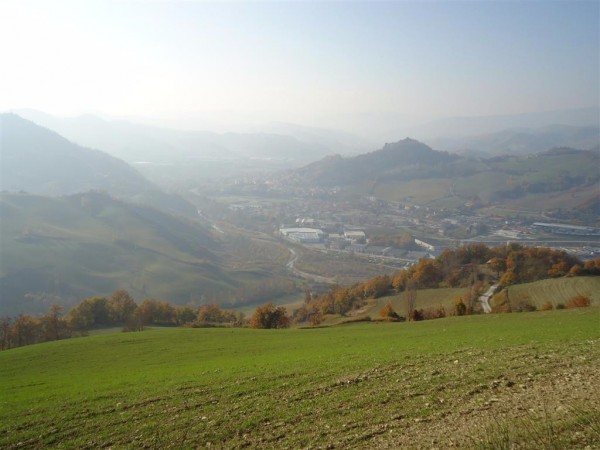 Immagine 3 di Rustico / casale in vendita  a Lunano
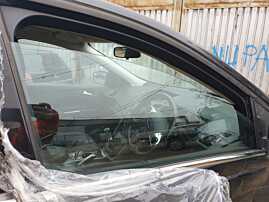 Geam Sticla de pe Usa Portiera Dreapta Fata Ford Kuga 2 2012 - 2019 [V0056]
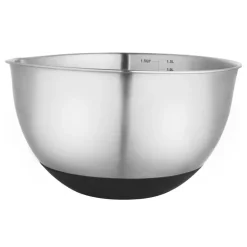 Bol mesureur alu 1.6l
§
With the pictures omitted, give every line above again exactly.

-- Answer space --
 Immagine 3 di Rustico / casale in vendita  a Lunano
 Geam Sticla de pe Usa Portiera Dreapta Fata Ford Kuga 2 2012 - 2019 [V0056]
 Bol mesureur alu 1.6l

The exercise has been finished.